Initially, SciMAT software (Cobo et al., 2012) has been used in order to deliver productivity measures about the research field, considering the historical evolution of the publications (RQ1), the most influential ones (RQ2) and the main journals where they have been published (RQ3). The article also includes relational techniques through a bibliometric mapping approach using the VOSviewer software in order to determine the evolution of the intellectual structure of the field of knowledge (RQ4). This software “pays special attention to the graphical representation of bibliometric maps. The functionality of VOSviewer is especially useful for displaying large bibliometric maps in an easy-to-interpret way” (Van Eck and Waltman, 2010, p. 523).

Finally, a specific literature review of 19 articles directly related with greenwashing in agriculture, food industry or food retail has been carried out (RQ5). This selection was carried out by the authors, using a double-check process, after reading the abstract and, when needed, the entire content of each of the 351 papers included in the bibliometric analysis.

3. Results and discussion

3.1 Productivity measures

Figure 1 shows the growth of the number of academic articles per year in the field of greenwashing. The first publication (Mulligan, 1999) appeared in the Institute Development Studies Bulletin.
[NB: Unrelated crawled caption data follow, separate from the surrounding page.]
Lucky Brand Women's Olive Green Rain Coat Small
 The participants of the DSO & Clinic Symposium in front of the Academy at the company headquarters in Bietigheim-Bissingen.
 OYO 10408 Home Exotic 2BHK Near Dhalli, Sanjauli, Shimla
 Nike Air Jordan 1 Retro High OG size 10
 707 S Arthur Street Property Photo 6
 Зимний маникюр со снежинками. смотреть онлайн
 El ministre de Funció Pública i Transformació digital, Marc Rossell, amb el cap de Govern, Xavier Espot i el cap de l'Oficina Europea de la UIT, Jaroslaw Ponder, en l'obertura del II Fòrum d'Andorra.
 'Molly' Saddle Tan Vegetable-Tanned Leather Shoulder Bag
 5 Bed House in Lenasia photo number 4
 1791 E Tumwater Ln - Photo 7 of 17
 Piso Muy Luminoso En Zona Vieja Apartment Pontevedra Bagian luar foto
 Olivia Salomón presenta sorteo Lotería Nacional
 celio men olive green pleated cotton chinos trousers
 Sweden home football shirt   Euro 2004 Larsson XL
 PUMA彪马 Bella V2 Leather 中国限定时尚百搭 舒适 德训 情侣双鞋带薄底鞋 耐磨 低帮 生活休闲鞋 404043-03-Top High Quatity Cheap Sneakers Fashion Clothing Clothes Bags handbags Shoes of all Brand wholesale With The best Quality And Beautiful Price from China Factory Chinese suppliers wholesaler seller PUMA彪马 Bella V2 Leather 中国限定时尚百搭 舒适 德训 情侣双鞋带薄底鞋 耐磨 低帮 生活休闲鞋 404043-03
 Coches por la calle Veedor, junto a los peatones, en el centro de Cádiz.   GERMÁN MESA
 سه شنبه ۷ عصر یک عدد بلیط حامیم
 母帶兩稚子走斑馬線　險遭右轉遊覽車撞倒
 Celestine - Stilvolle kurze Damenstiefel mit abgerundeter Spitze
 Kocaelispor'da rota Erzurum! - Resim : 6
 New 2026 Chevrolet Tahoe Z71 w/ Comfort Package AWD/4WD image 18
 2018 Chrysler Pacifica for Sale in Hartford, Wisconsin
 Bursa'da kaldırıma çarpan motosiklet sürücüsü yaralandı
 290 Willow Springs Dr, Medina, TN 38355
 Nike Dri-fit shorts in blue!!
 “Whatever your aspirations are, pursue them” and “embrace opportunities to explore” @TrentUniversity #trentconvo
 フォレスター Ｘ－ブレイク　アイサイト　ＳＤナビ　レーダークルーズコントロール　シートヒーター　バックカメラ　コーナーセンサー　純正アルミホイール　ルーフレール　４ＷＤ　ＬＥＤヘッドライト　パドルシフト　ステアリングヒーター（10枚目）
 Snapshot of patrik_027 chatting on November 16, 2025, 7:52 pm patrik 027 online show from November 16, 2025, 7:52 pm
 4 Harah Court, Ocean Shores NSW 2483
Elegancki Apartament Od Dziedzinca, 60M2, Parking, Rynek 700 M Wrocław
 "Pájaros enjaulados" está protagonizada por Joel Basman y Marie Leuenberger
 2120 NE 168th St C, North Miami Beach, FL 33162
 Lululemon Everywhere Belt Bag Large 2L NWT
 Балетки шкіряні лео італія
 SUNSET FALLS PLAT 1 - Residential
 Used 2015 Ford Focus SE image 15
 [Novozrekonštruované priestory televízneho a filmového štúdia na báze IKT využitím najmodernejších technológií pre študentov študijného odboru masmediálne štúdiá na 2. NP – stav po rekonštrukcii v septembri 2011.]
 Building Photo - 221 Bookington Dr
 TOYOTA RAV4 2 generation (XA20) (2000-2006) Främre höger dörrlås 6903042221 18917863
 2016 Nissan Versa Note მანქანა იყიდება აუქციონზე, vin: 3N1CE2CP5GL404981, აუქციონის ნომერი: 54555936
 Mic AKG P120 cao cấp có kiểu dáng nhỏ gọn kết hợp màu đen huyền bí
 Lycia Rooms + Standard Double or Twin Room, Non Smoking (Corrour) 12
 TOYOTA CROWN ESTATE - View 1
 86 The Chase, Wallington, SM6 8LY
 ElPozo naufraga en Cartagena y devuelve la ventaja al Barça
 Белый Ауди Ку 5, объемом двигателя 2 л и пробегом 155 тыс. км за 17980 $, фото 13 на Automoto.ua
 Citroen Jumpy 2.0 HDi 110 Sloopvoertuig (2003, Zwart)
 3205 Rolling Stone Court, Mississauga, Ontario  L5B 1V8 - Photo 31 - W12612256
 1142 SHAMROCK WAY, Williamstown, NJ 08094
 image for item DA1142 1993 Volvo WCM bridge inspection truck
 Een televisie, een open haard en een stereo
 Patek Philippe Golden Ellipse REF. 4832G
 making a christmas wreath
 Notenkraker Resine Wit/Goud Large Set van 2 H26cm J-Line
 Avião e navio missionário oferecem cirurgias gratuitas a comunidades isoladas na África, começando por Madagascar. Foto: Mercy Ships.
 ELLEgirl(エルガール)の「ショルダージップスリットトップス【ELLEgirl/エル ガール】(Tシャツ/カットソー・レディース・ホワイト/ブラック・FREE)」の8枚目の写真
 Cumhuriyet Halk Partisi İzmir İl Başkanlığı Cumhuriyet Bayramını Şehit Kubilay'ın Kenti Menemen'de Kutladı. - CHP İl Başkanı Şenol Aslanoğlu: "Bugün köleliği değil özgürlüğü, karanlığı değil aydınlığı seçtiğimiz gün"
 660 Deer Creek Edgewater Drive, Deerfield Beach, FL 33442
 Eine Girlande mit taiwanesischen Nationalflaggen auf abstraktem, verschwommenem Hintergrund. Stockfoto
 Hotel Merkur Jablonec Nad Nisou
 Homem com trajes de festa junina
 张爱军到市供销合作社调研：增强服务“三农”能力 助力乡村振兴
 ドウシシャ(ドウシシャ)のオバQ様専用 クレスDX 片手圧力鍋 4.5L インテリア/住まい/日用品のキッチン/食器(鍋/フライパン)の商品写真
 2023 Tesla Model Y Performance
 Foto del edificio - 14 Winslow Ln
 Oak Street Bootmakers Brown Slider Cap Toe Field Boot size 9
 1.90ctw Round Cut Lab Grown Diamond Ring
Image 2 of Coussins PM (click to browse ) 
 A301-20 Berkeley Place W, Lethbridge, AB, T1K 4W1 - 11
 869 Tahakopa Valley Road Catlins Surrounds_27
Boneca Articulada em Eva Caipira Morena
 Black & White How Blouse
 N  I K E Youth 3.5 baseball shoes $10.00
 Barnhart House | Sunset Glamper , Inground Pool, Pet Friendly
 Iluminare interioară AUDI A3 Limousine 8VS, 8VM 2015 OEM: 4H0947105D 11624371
When analyzing the number of publications per year, a growth trend can be clearly recognized. We can identify three stages in the development of the academic literature about greenwashing: ground-setting (1999–2010); trail-blazing (2011–2015); and remarkable growth (2016–2020).

The growing environmental awareness of our society has increased academics' interest in the phenomenon of greenwashing as an instrument used by practitioners to improve their strategic positions (Antunes et al., 2015; Wolniak and Hąbek, 2015). Specially, the years after 2015 have meant a clear burst in the publication of fresh academic literature, roughly accumulating two-thirds (63.3%) of the 351 documents. Consequently, it could be said that research in the field of greenwashing is a hot topic that is gaining importance in the recent years.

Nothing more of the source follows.